Elle décide d’annuler son voyage et regarde des tutos sur le tricot en poils d’alpaga tout en éternuant (elle n’est toujours pas désensibilisée).

 

LE NON-PAIEMENT DES HEURES SUPPLÉMENTAIRES PEUT JUSTIFIER LA REQUALIFICATION D’UNE DÉMISSION EN LICENCIEMENT SANS CAUSE RÉELLE NI SÉRIEUSE

Une démission c’est quoi ?

C’est un mode de rupture du contrat de travail à durée indéterminée.

Quelles sont les conditions de validité de la démission ?

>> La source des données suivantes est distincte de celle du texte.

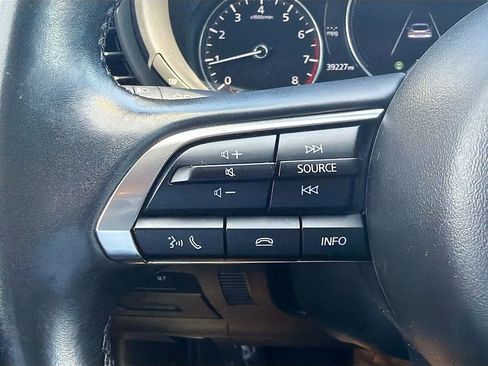 Used 2024 MAZDA CX-30 Carbon AWD/4WD image 12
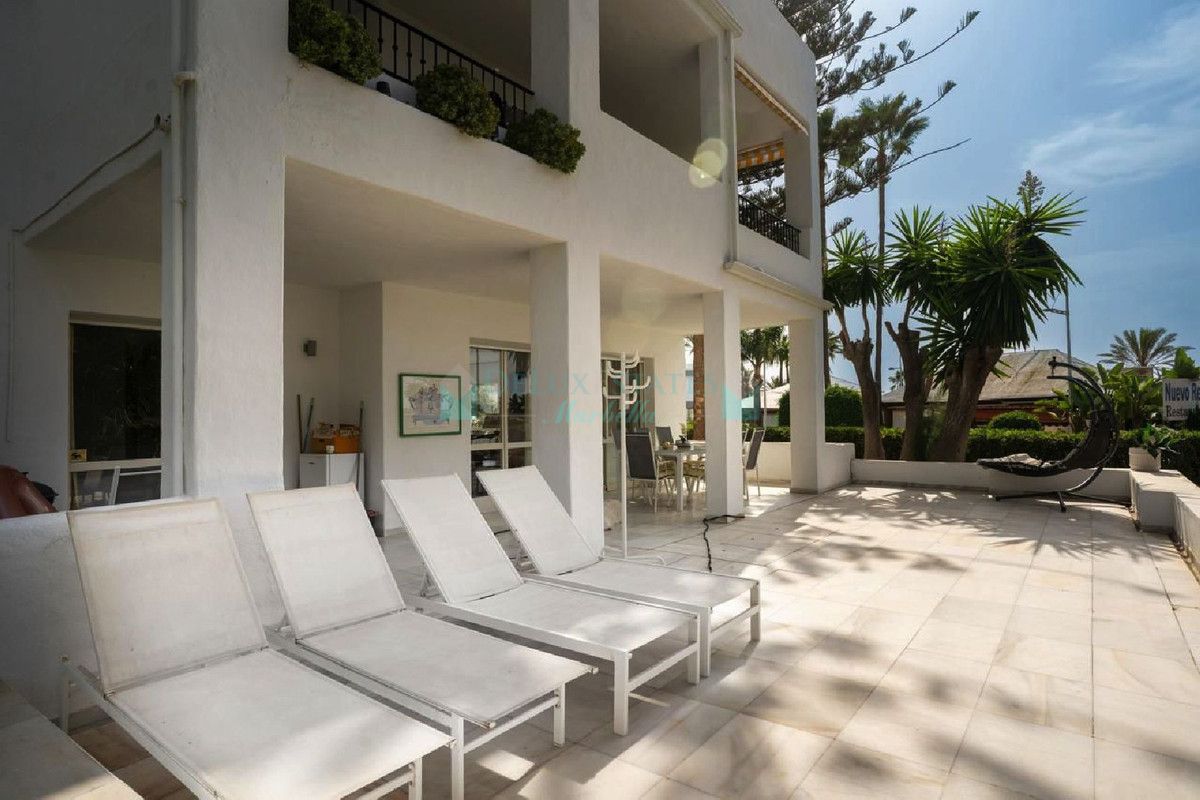 Ground Floor Apartment for sale in Marbella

La démission doit résulter d'une manifestation claire et non équivoque de celui qui décide de rompre son contrat de travail (Cass. soc., 28 nov. 2012, n° 11-20.954 ; Cass. soc., 14 juin 2006, n° 03-48.413 ; Cass soc., 9 mai 2007, n° 05-40.518, Bull. civ. V, n° 70 ; Cass. soc., 5 mai 2021, no 19-16.181 ; CA Agen, 4 mai 2021, n° 19/01176).

la démission doit être :

– donnée librement, c'est-à-dire en dehors de toute contrainte ou pression morale ;

– explicite, ce qui signifie qu'elle ne peut pas en principe se déduire du comportement du salarié ;

La démission ne se présume pas.

La démission n’est soumise à aucun formalisme particulier, elle peut être écrite ou orale. Cependant, il est préférable qu’elle soit formalisée par écrit tant pour l’employeur qui se ménage ainsi une preuve de la démission que pour le salarié lorsque sa démission est motivée par le comportement de l’employeur.

L’important étant que le salarié ait manifesté clairement sa volonté de démissionner.

Lorsqu’à l’origine de la démission du salarié se trouvent des manquements de l’employeur, il est possible de faire requalifier la démission en un licenciement sans cause réelle ni sérieuse.

La lettre de démission doit-elle être motivée ?

La lettre de démission n'a pas à être motivée pour être valable et produire tous ses effets (Cass. soc., 22 juin 1994, n° 90-42.143).

Elle n'a pas non plus à indiquer la date de sa prise d'effet, ni la durée du préavis que le salarié doit effectuer, ni mentionner expressément le terme « démission ».

En revanche, une lettre de démission qui serait motivée par le comportement de l'employeur (non-paiement des heures supplémentaires, modification du contrat de travail, etc.) peut être requalifiée en prise d'acte et produire les effets d'un licenciement sans cause réelle et sérieuse.

C’est ce que vient de rappeler la Cour de Cassation dans un arrêt du 15 janvier 2025(Cass. soc., 15 janv. 2025, n° 23-16.286 F-D)

Ainsi, la Cour de cassation a retenu que la cour d’appel ne pouvait valablement rejeter la demande de requalification de la démission en licenciement sans cause réelle et sérieuse, notamment fondée sur l’absence de paiement d’heures supplémentaires, après avoir fait droit en partie à cette demande et sans rechercher si le manquement tiré du défaut de paiement des heures supplémentaires était de nature à empêcher la poursuite du contrat de travail.